### [Activity]
Begin your copy at the line with "Wall Decor,Silver Grey" in the records below and end it at the line with "view 1 of 3", restating each line word for word; omit the pictures.

### [Listed entries]
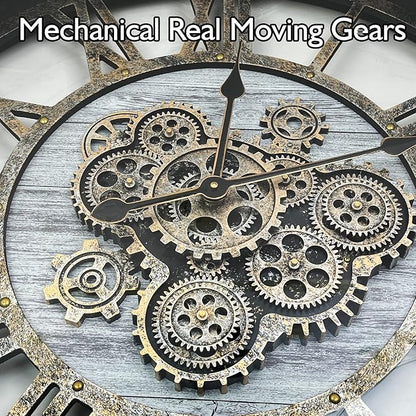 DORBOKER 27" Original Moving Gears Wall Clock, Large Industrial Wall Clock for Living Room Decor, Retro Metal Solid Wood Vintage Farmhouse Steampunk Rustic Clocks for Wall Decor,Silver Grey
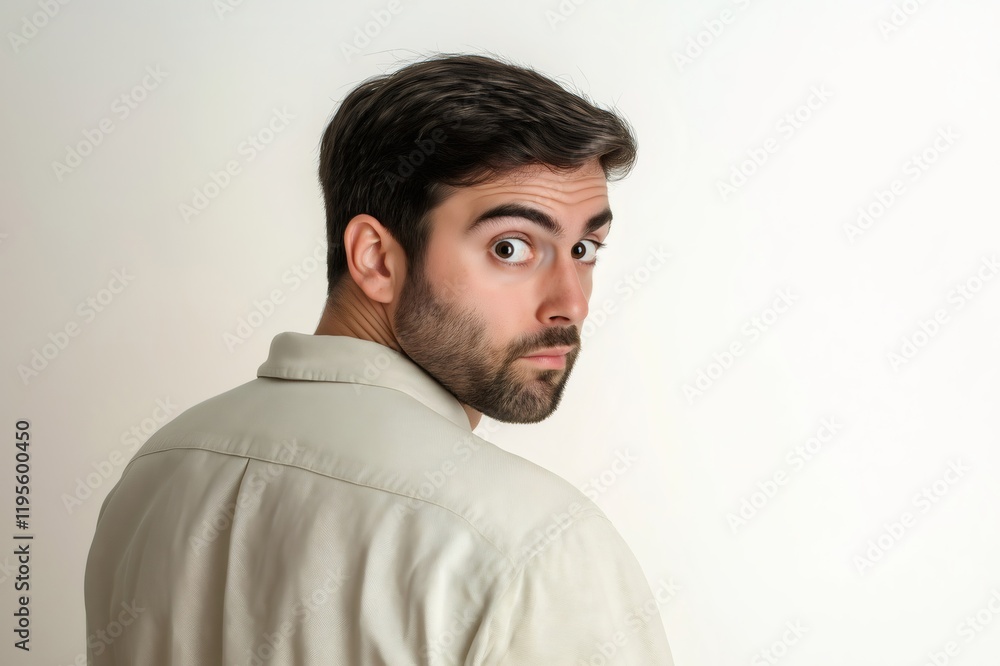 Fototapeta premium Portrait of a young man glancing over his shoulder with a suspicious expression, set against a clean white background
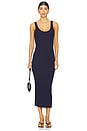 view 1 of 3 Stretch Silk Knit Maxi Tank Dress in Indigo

...

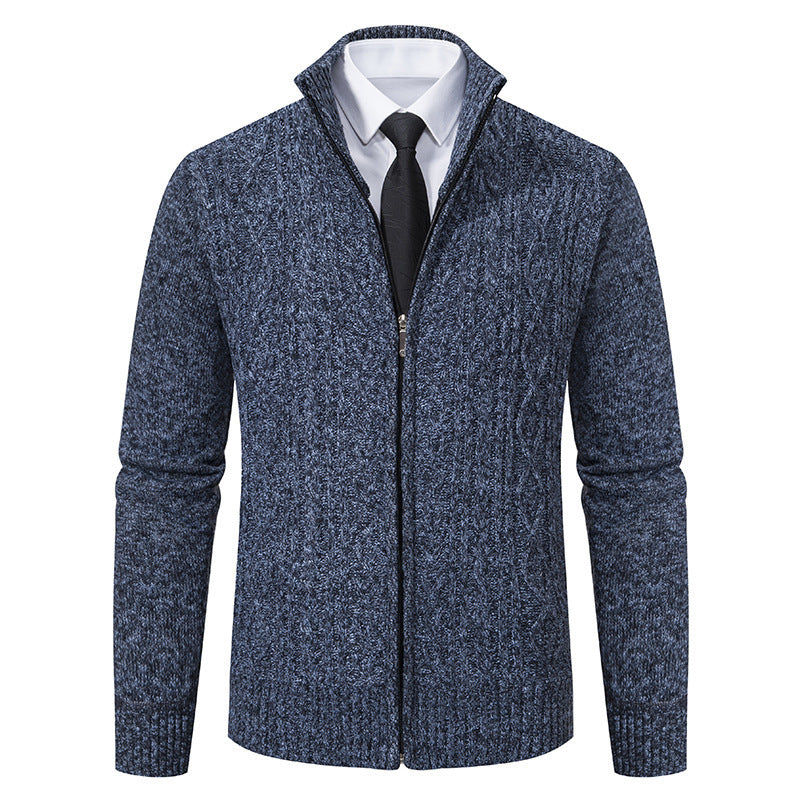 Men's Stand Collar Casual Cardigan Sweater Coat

### [Response to the exercise]
 DORBOKER 27" Original Moving Gears Wall Clock, Large Industrial Wall Clock for Living Room Decor, Retro Metal Solid Wood Vintage Farmhouse Steampunk Rustic Clocks for Wall Decor,Silver Grey
 Fototapeta premium Portrait of a young man glancing over his shoulder with a suspicious expression, set against a clean white background
 view 1 of 3 Stretch Silk Knit Maxi Tank Dress in Indigo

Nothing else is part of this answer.